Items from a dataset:
▽

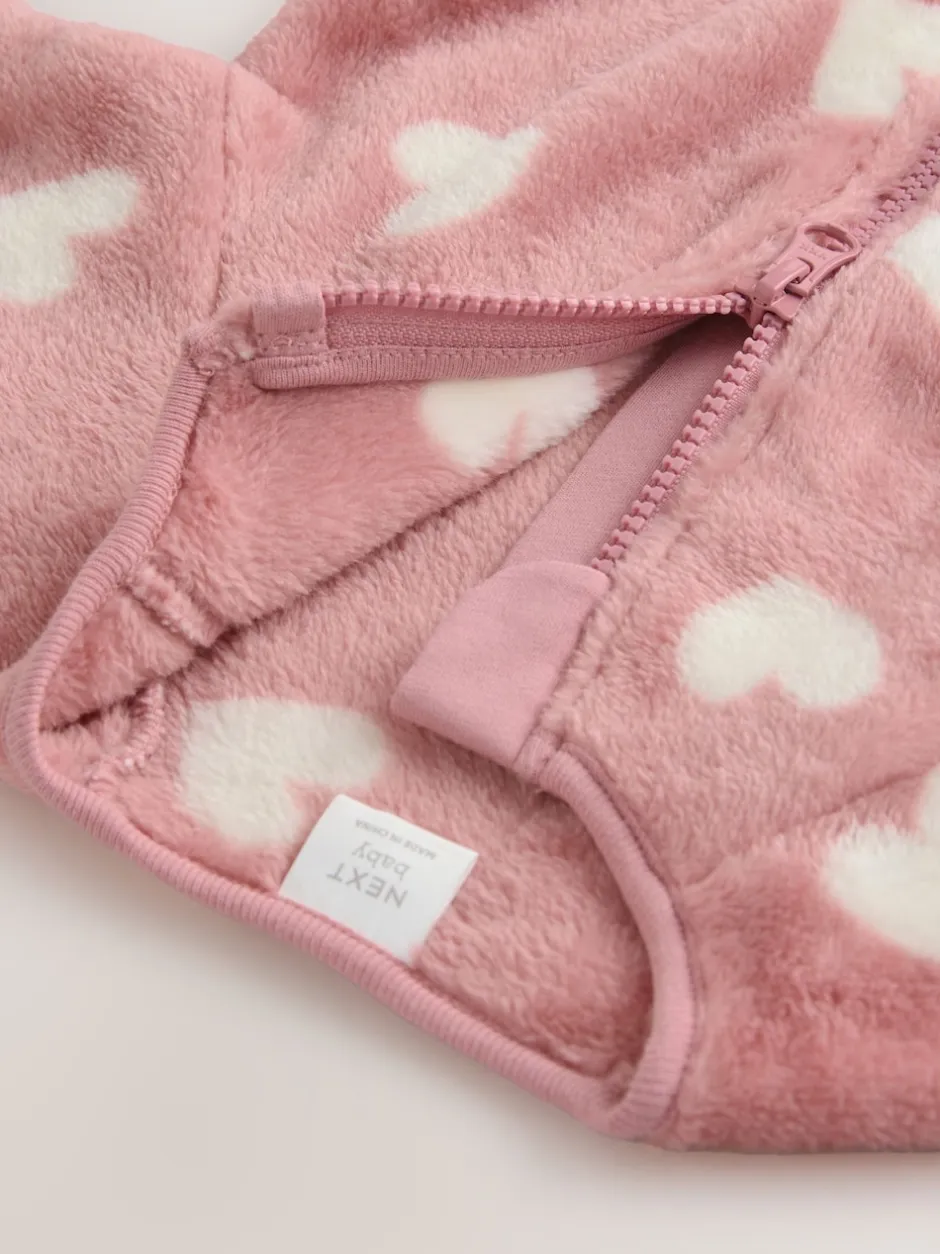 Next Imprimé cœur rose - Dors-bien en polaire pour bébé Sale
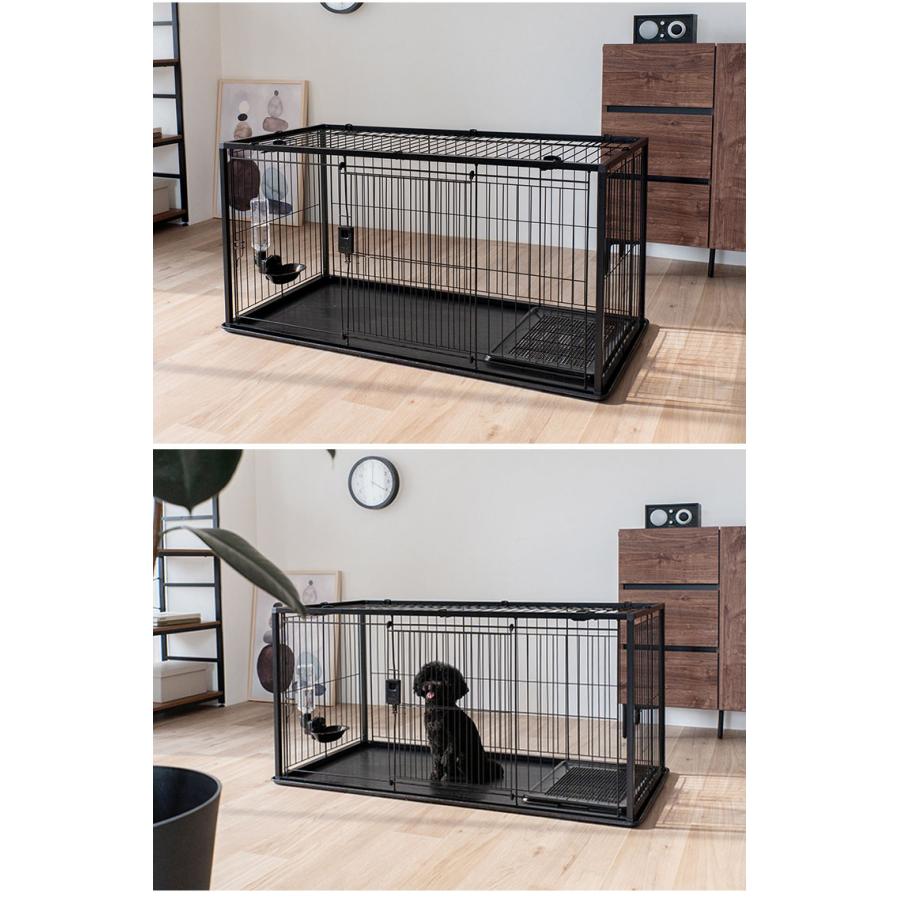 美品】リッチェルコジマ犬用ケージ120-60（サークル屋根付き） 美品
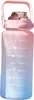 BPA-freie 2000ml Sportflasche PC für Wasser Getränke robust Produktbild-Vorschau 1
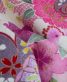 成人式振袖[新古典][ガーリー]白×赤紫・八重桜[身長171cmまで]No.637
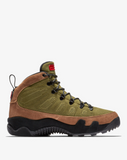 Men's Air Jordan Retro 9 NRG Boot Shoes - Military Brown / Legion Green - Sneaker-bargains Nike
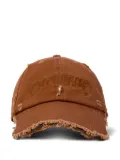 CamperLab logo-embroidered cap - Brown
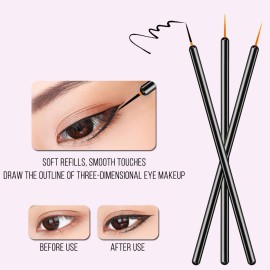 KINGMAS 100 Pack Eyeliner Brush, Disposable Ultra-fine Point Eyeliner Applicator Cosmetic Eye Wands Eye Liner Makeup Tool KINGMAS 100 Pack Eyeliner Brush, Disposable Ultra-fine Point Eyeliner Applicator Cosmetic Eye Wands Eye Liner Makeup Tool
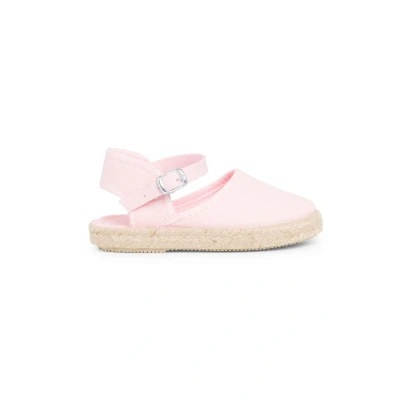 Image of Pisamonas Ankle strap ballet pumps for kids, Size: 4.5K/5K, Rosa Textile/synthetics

△

Work task
Transcribe all of the data above exactly; no picture belongs in the copy.

Problem solution
 Next Imprimé cœur rose - Dors-bien en polaire pour bébé Sale
 美品】リッチェルコジマ犬用ケージ120-60（サークル屋根付き） 美品
 BPA-freie 2000ml Sportflasche PC für Wasser Getränke robust Produktbild-Vorschau 1
 成人式振袖[新古典][ガーリー]白×赤紫・八重桜[身長171cmまで]No.637
 Men's Air Jordan Retro 9 NRG Boot Shoes - Military Brown / Legion Green - Sneaker-bargains Nike
 CamperLab logo-embroidered cap - Brown
 KINGMAS 100 Pack Eyeliner Brush, Disposable Ultra-fine Point Eyeliner Applicator Cosmetic Eye Wands Eye Liner Makeup Tool KINGMAS 100 Pack Eyeliner Brush, Disposable Ultra-fine Point Eyeliner Applicator Cosmetic Eye Wands Eye Liner Makeup Tool
 Image of Pisamonas Ankle strap ballet pumps for kids, Size: 4.5K/5K, Rosa Textile/synthetics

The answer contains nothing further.